Begrip, van de dag (80) Thank God I’m a countryboy

 

THANK GOD I’M A COUNTRYBOY

De lijst van de top 2000 doornemend, en uiteraard luisterend, zie ik bijvoorbeeld dat vanavond tussen 8 en 9 John Denver langskomt. Het is niet zo zeer John Denver die opvalt, maar de titel van het liedje ‘Thank God I’m a countryboy. Moet je daar dankbaar voor zijn of is dat een schaamtevolle maatschappelijke status? Ik ben daar niet over uit, dat wil zeggen hoe moet ik mezelf afficheren. Is er in Nederland sowieso nog wel sprake van countryboys en girls? Hooguit in Drenthe schijnt er nog zoiets te zijn als echte stilte en de afwezigheid van lichtvervuiling. En misschien daar ook niet eens.

Er is in veel landen sprake van belangentegenstellingen tussen het centrum en de rest van het land. In Engeland, maar vooral ook Frankrijk is dat heel duidelijk. Recent is dat ook bij de verkiezingen in Polen gebleken, waarbij het conservatieve platteland de vooruitgang lijkt te dwarsbomen dat wil zeggen de ontwikkelingen van Warschau in Europa bemoeilijkt. Ook in Nederland kun je zoiets waarnemen tussen Randstad en de rest van Nederland, waarbij Amsterdam zichzelf als het absolute centrum beschouwd en de ‘provincie’ als iets minderwaardigs ziet. Op de keeper beschouwd is Amsterdam natuurlijk niet meer dan een verzameling Nederlanders van elders die zichzelf etiketteren als ‘echte Amsterdammers’ en neerkijken op hun eigen geboortegrond.
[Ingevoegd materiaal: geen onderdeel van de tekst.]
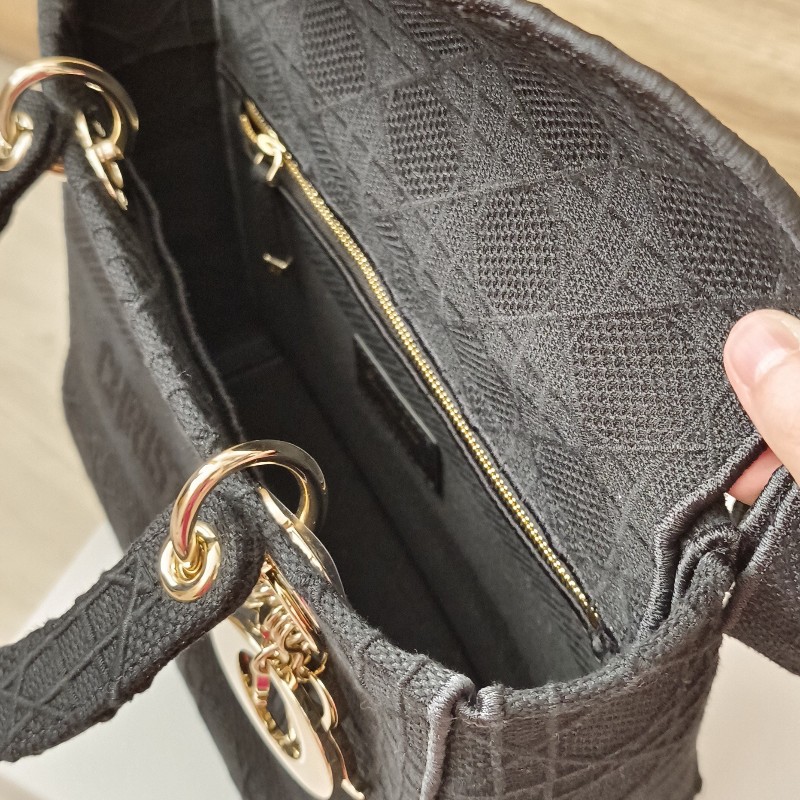 Lady Dior 黛妃包 手工刺繡帆布包黑色-4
De autochtone Amsterdammers wonen of in Almere of Purmerend of komen de stad niet uit, denkend dat de echte wereld ophoudt buiten de stadsgrenzen. Hooguit hebben ze weet van anderen die het Amsterdamse dialect niet machtig zijn. Ze noemen dat een spraakgebrek.

Bestaan er nog echte boerenjongens en -meisjes als binnen tien kilometer een stad, autobaan en vaak ook een treinstation in de buurt is? In de praktijk niet volgens mij, alleen in de hoofden van mensen. En ook ik bezig wel eens de woorden ‘Ik ben maar een eenvoudige boer uit Salland’ waarbij boer toch echt als geuzennaam wordt bedoeld. Toch heb ik nooit op een boerderij gewoond, maar ik weet dat melk niet uit pakken komt. In het dorp waar ik vandaan kom speelde de scheiding boeren en burgers wel. Ik was een burger want niet van de boerderij en ik had last van ‘Roalter Wind’ want als je uit de ‘stad’ kwam, kwam je niet van de boerderij en had je stadse fratsen. Nederland is eigenlijk een groot parklandschap, misschien zou ik moeten zingen ‘Thank God I’m a parksideboy’?